COVID19: La peor de las pandemias: la falta de amor al prójimo - Daniel García

Comentarios al artículo de Carlos Díaz «La lección más perversa que me enseña esta gran desolación».

Querido Carlos, en lo esencial estoy de acuerdo con tu reflexión, pero yo me pregunto quién puede no temer a la muerte, creyente o no creyente, siendo tan humanos o tan inhumanos. Hace unos días, leyendo a Emmanuel Levinas (Alteridad y trascendencia), respondiendo a una pregunta relacionada con este tema, dice que tememos a la muerte porque es lo desconocido: nadie puede contarnos la experiencia y qué es lo que han visto; aunque, como dicen algunos, narren experiencias parecidas, realmente no es nada serio, porque nadie pudo volver para contarlo. Recuerdo hace unos años a una paciente de mi mujer cómo, tras una grave enfermedad, sentía más dolor que miedo, porque sus hijos y nietos vivían de su pobre pensión y, tras la crisis económica, no disponían de ingresos; y ya estaba a punto de morir con más preocupación por ellos que por miedo a la muerte. El amor que sentía por sus seres queridos era más fuerte que todos los miedos. También hay enfermos que suspenden los tratamientos voluntariamente, por el sufrimiento que llevan arrastrando, y sin embargo, justo en el momento en que se ven morir, acuden a darse el tratamiento para evitar, a pesar del sufrimiento que no quisieron soportar, el temible fin.

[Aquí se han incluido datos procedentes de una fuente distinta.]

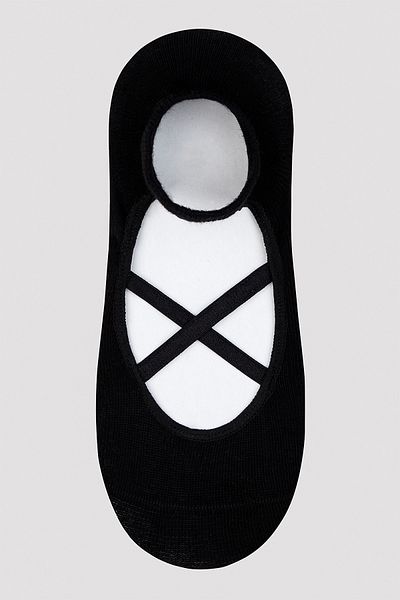 Penti Black Cap Cross Babet Gaiter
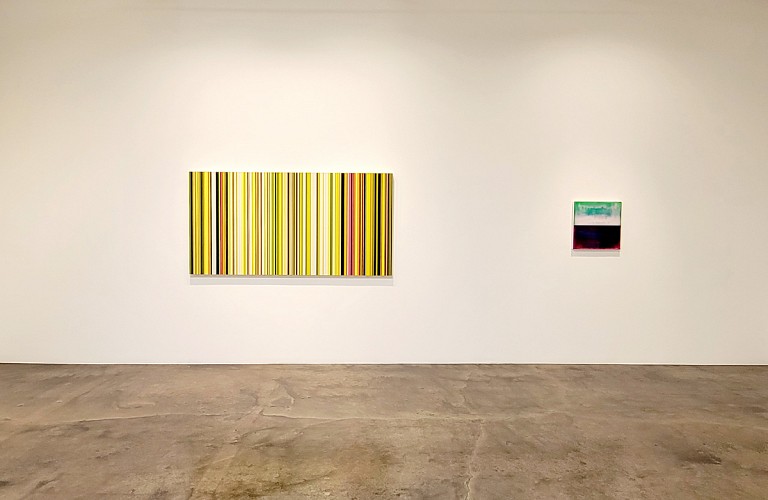 PAINTINGS - Installation View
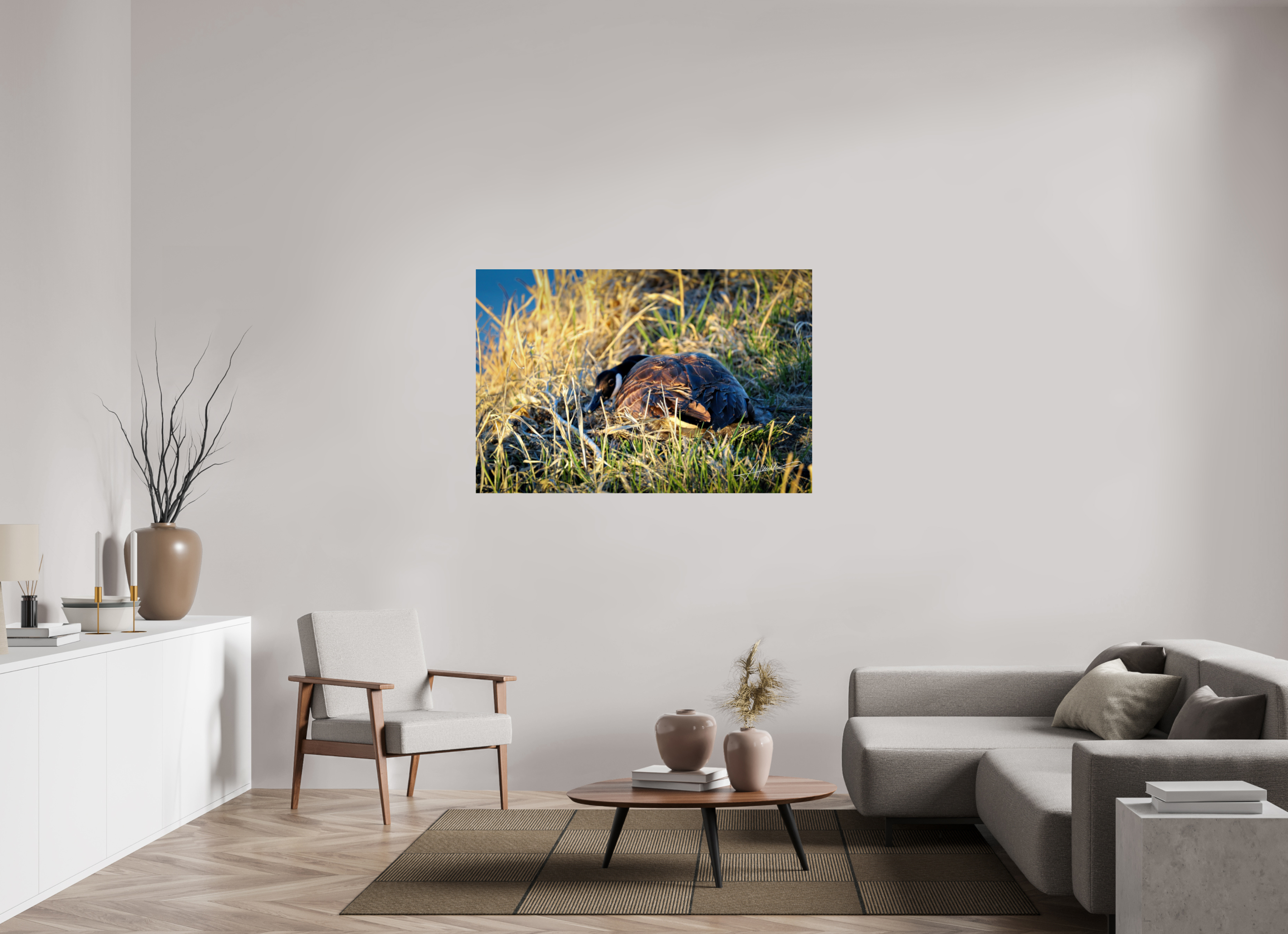 54 x 36″, ChromaLuxe HD Metal New Nester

Sí que es cierto que la inmensa mayoría, y sobre todo los que aplauden en sus balcones con lo que se convertirá en himno nacional, el Resistiré, ven asustados la muerte porque significa el fin, no de la vida sino del consumismo, de las vacaciones en la playa, el chiringuito, las cervezas y el tinto en las terrazas. La despreocupación por lo humano seguirá siendo igual, por desgracia no se producirá ningún cambio, lamentablemente la metanoia no se producirá en todas las personas; si no, sería dado como bueno este microapocalipsis. Como diría el príncipe Don Fabrizio en El gatopardo, en época de crisis y de cambios revolucionarios en la Italia de Garibaldi, «todo debe cambiar para que continúe igual», y lamentablemente es así: no se habla más que de la recuperación de la normalidad económica, de seguir con lo mismo, que si estamos perdiendo la riqueza a la que habíamos llegado, dicen (¿Quién? Unos pocos, diría yo). Qué miedo como alguno de ellos pierdan sus paraísos fiscales, aunque continúe muriéndose la mayoría de las personas en el mundo de hambre, o en las fronteras del paraíso llamado Europa, la tierra de la que mana miel y leche, o más bien mala leche y miel amarga, en Grecia o en sus mares o mares Nostrum. Lo que teníamos antes sí que es un virus mortal, el peor, y al que no temíamos.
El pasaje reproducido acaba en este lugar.